◆ Data provided ◆
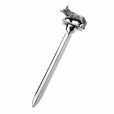 Fox Letter Opener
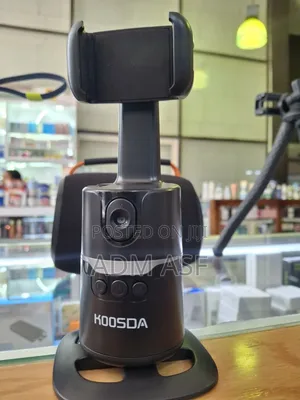 360° Smart Shooting Gimbal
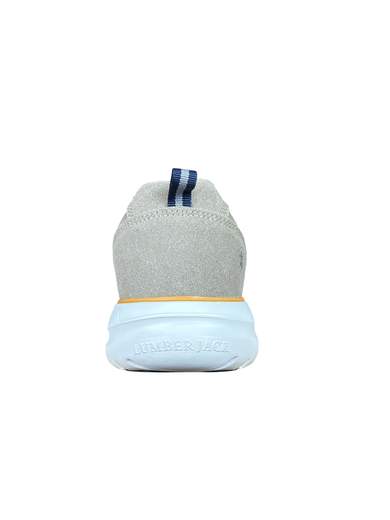 Lumberjack Lee slipon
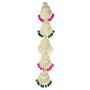 Buy Stylish Rajwadi Choti Online - H K Hair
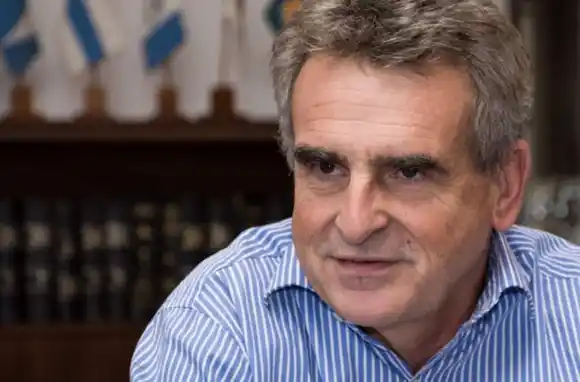 Rossi se reunió con Gómez Alcorta para implementar la ley Micaela en Defensa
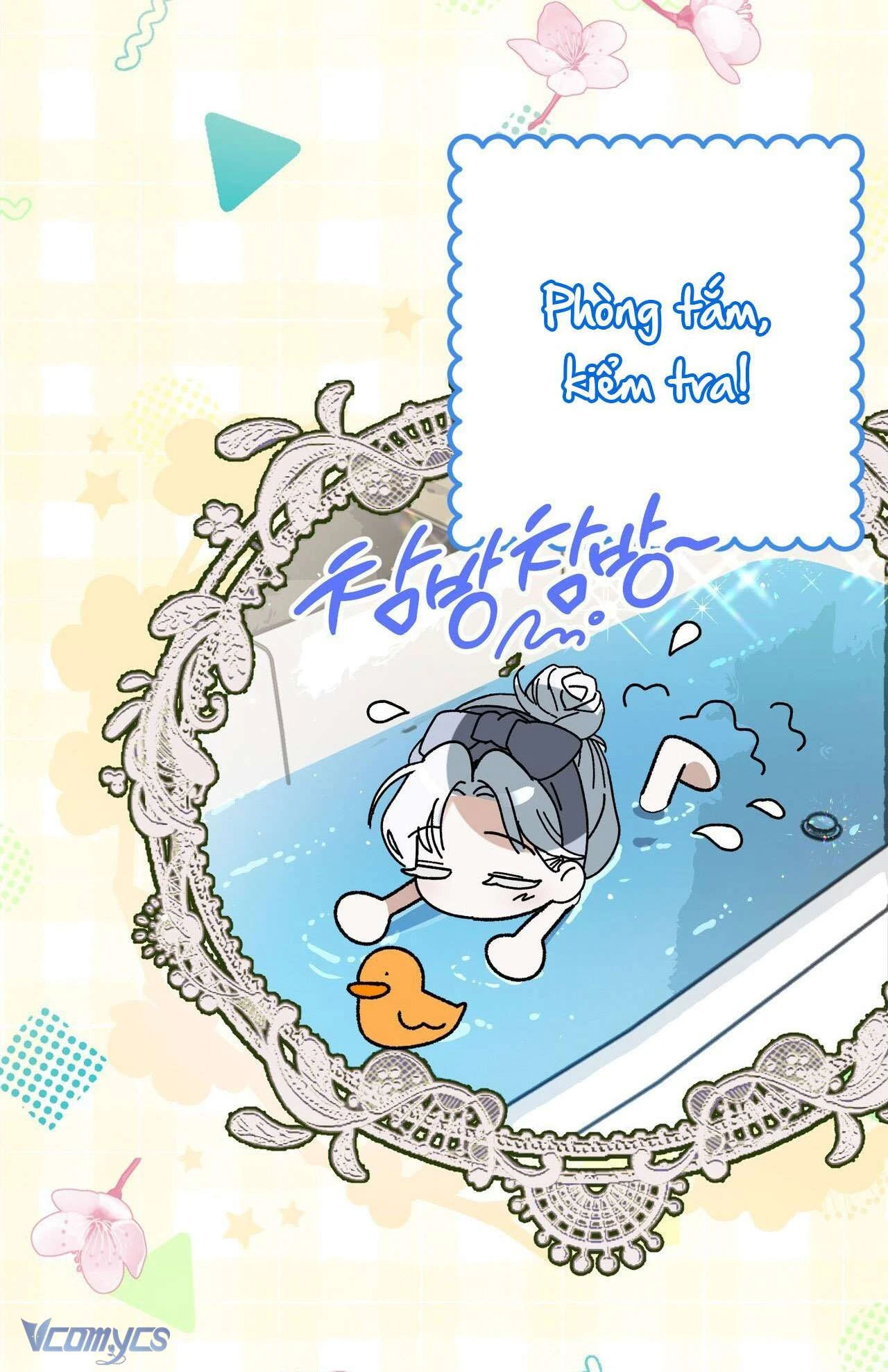 Xuyên Vào Tiểu Thuyết, Tôi Thành Truyền Thuyết Kinh Dị Chapter 1 - 55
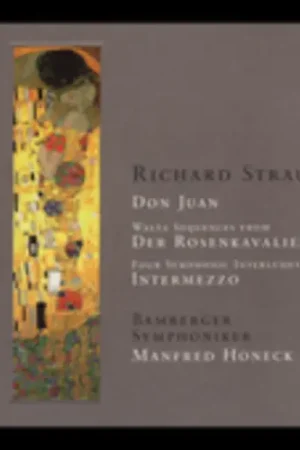 No Minimum Order Intermezzo: Four Symphonic Interludes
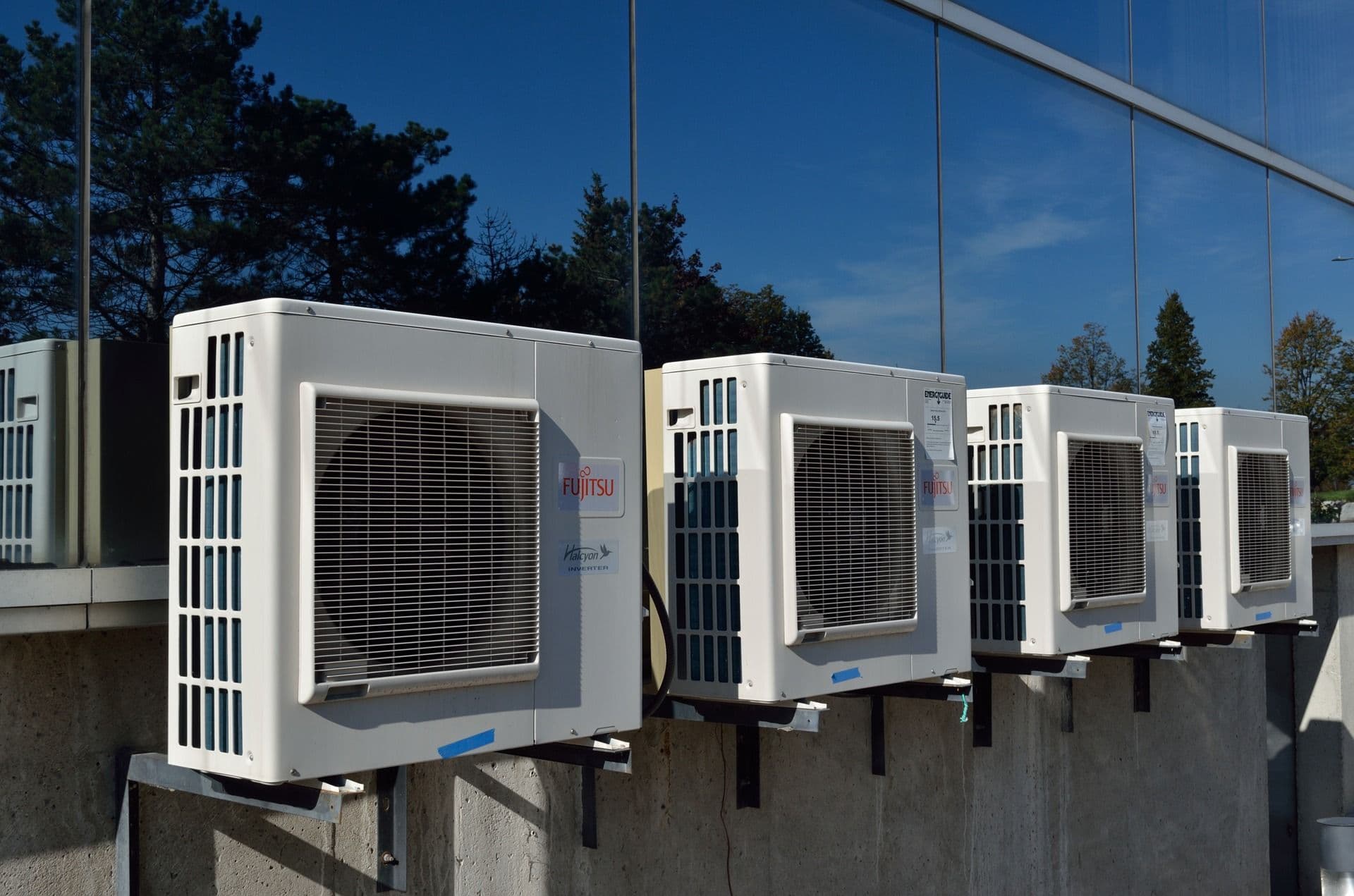 Blog post Best Practices for HVAC Repair Services image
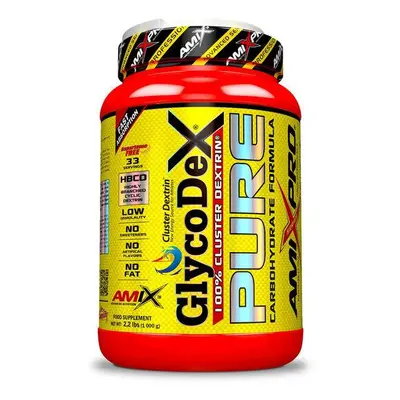 Amix Nutrition Glycodex Pure 1000g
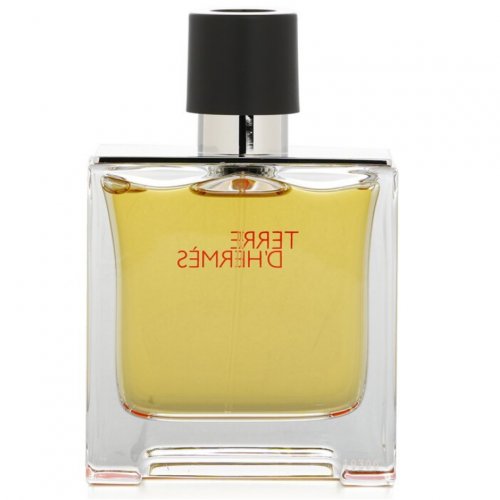 Hermes Terre D'Hermes Pure Parfum Spray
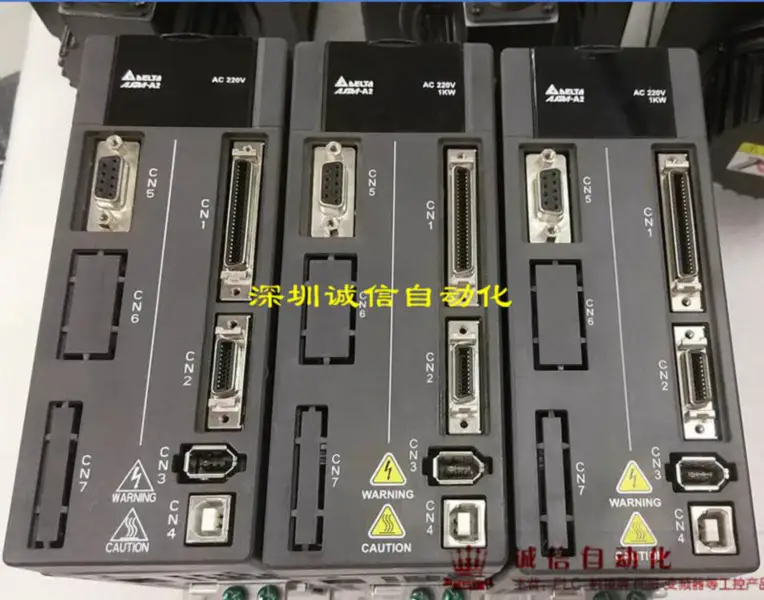 Delta A2 series 1KW ASD-A2-1021-L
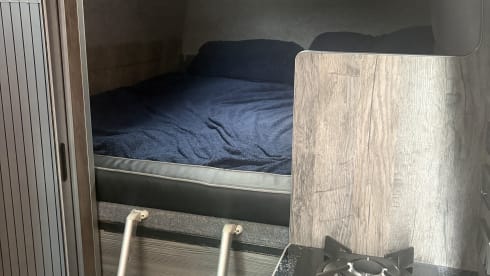 Dembe – VW Crafter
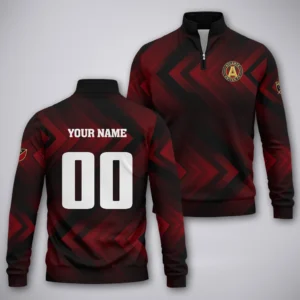 Play Vibes Quarter-Zip Sweatshirt, Performance Quarter-Zip for Fans HVN1301AU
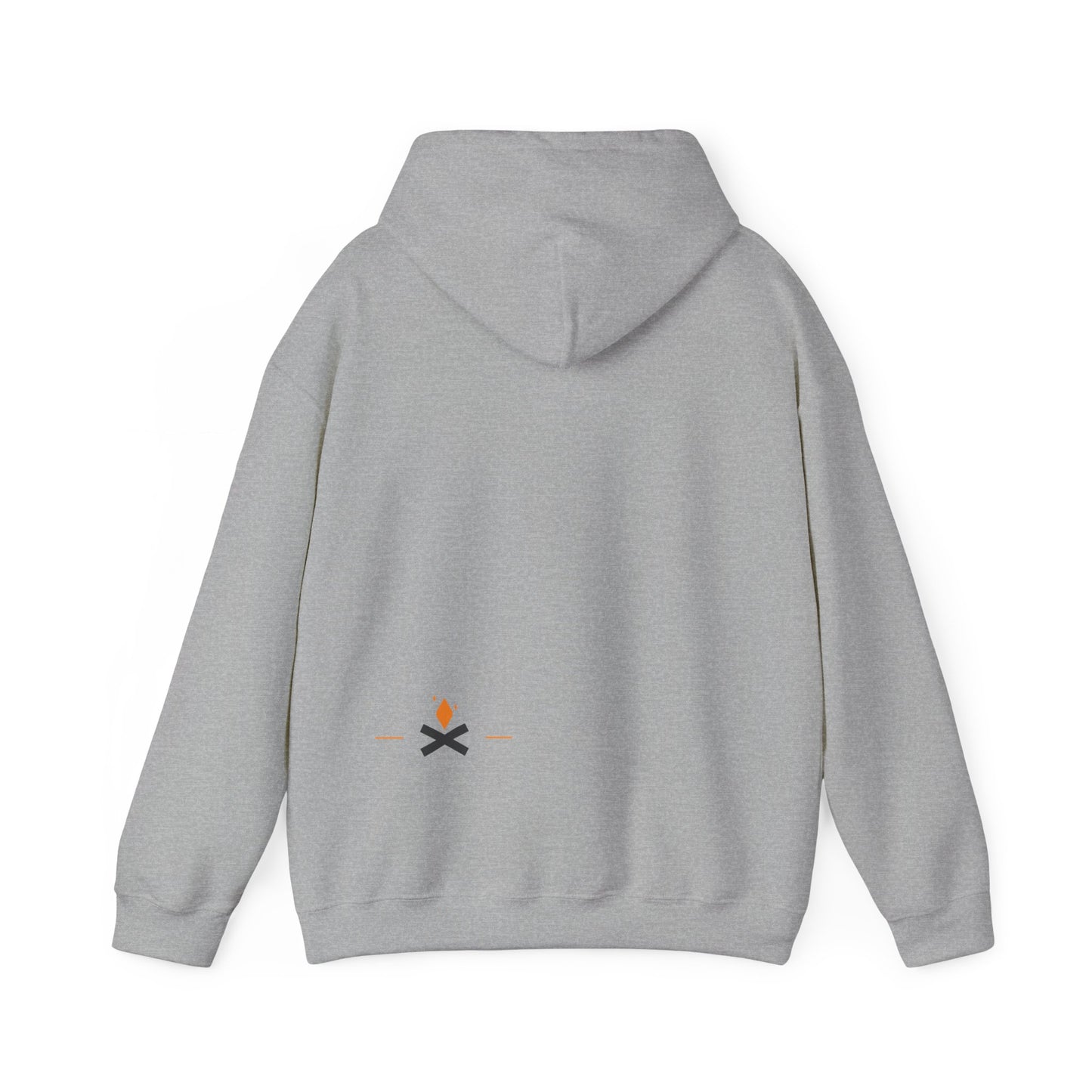 Camp Life Hoodie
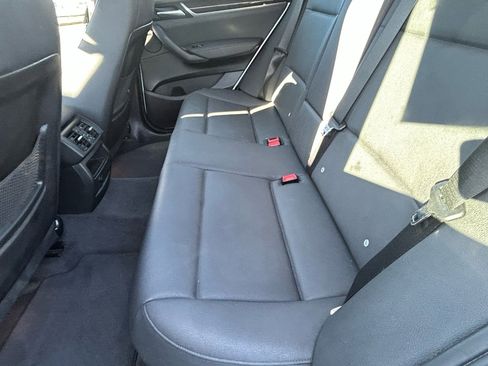 Used 2017 BMW X3 xDrive28i image 16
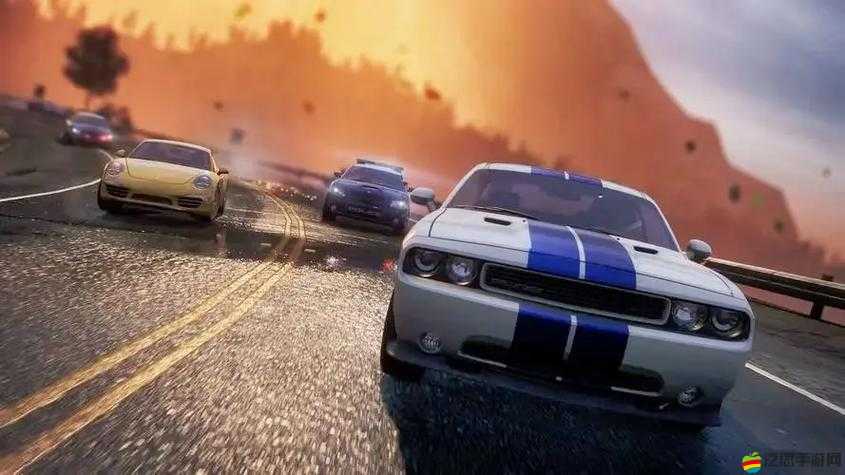 極品飛車17最高通緝，新手上路如何快速掌握游戲賽事全攻略？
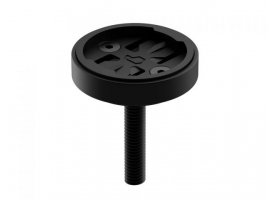 Nosač biciklističkog računala BEELINE Velo 2 Stem Cap Mount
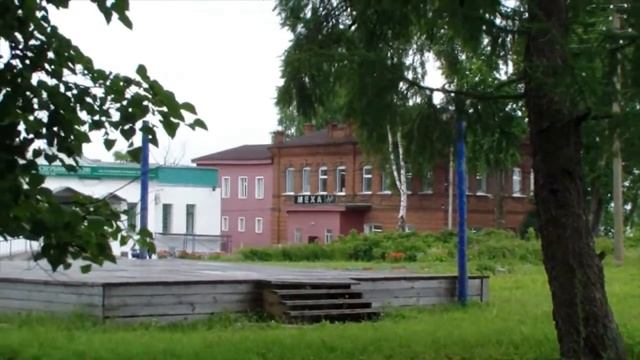 Сусанино ( Молвитино). смотреть онлайн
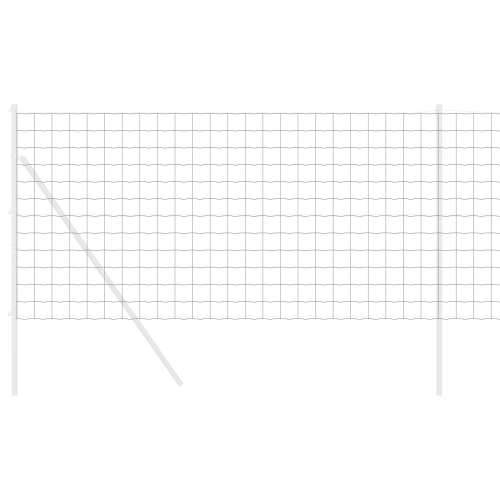 Heksagonalna Ograda 1.4x25 m Galvanizirani Čelik Cijena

◆ Aim of the exercise ◆
What you return should be the exact lines from the one containing "Camp Life Hoodie" through the end of the listing above, both included, minus any pictures.

◆ Task solution ◆
 Camp Life Hoodie
 Used 2017 BMW X3 xDrive28i image 16
 極品飛車17最高通緝，新手上路如何快速掌握游戲賽事全攻略？
 Nosač biciklističkog računala BEELINE Velo 2 Stem Cap Mount
 Сусанино ( Молвитино). смотреть онлайн
 Heksagonalna Ograda 1.4x25 m Galvanizirani Čelik Cijena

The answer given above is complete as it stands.